Joint attention is a critical marker of early social-communicative development, yet remains difficult for caregivers to assess without expert guidance. In this work, we explore how multimodal large language models (MLLMs) can be aligned with the reasoning processes of speech-language pathologists (SLPs) to support the interpretation of everyday parent-child interactions. We conducted in-depth interviews and video annotation studies with three experienced SLPs to uncover how they evaluate joint attention based on three core behavioural cues: gaze, action, and vocalisation. Using these insights, we developed a two-stage MLLM-based system that first extracts fine-grained behavioural descriptions from video segments and then judge joint attention quality using expert-aligned prompts. Our evaluation across 26 parent-child interaction videos shows that MLLMs can achieve up to 85% accuracy in perceptual cue extraction and over 75% average precision in simulating expert judgement. We further propose design guidelines for building MLLM-based behaviour observation-judgement systems that align with SLPs, emphasising the structuring of behavioural cues, the construction of exemplar libraries grounded in expert annotations, and the need to personalise system responses based on developmental stage and neurotypical or atypical presentation. This work provides structured behavioural cues derived from SLP expertise, demonstrates the feasibility of aligning SLPs observation and judgement using MLLMs, and offers practical design guidelines for building aligned systems to support parent-child interaction analysis.
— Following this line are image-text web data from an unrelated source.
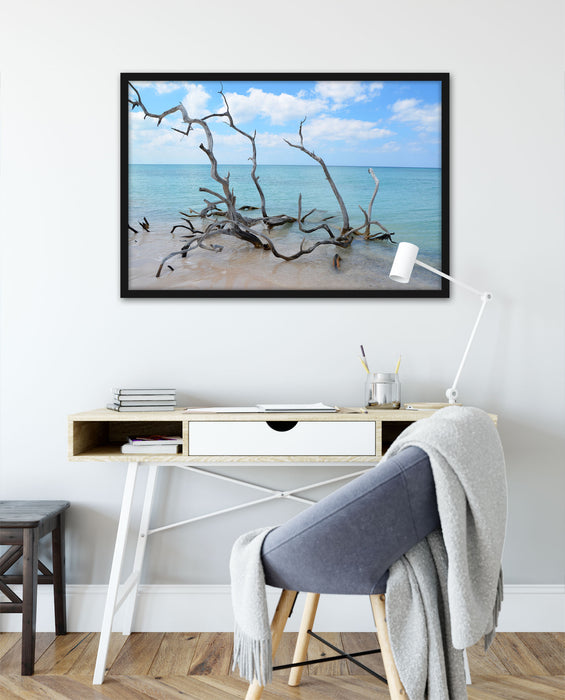 Strand mit Treibholz in Kuba, Poster mit Bilderrahmen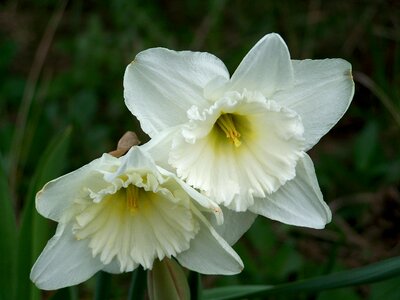 Daffodil spring flower garden photo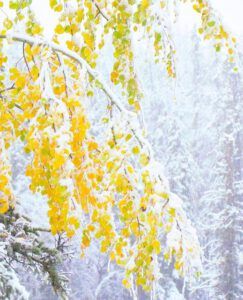 snow falling on aspens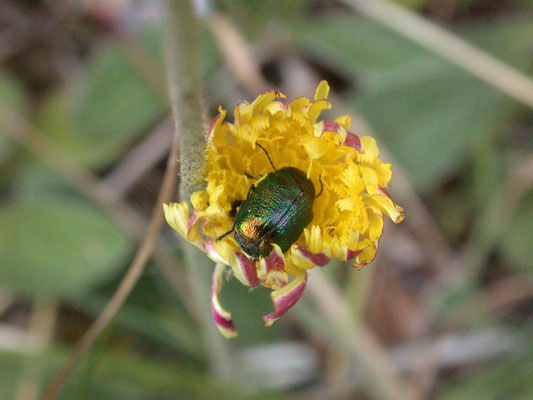 Cryptocephalus sericeus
翻译：共同注意是早期社会沟通发展的关键指标，但若无专家指导，照护者仍难以对其进行评估。本研究探讨了如何将多模态大语言模型与言语病理学专家的推理过程对齐，以支持对日常亲子互动的解读。我们通过对三位经验丰富的言语病理学专家进行深度访谈和视频标注研究，揭示了他们如何依据注视、动作和发声这三个核心行为线索来评估共同注意。基于这些洞见，我们开发了一个两阶段的多模态大语言模型系统：首先从视频片段中提取细粒度的行为描述，然后使用与专家对齐的提示词来评判共同注意的质量。在26段亲子互动视频上的评估表明，多模态大语言模型在感知线索提取方面可达85%的准确率，在模拟专家判断方面平均精度超过75%。我们进一步提出了构建与言语病理学专家对齐的多模态大语言模型行为观察-评判系统的设计指南，强调行为线索的结构化、基于专家标注构建范例库的必要性，以及根据发展阶段和神经典型或非典型表现来个性化系统回应的需求。本研究提供了源自言语病理学专家知识的结构化行为线索，论证了使用多模态大语言模型对齐专家观察与判断的可行性，并为构建支持亲子互动分析的对齐系统提供了实用的设计指导。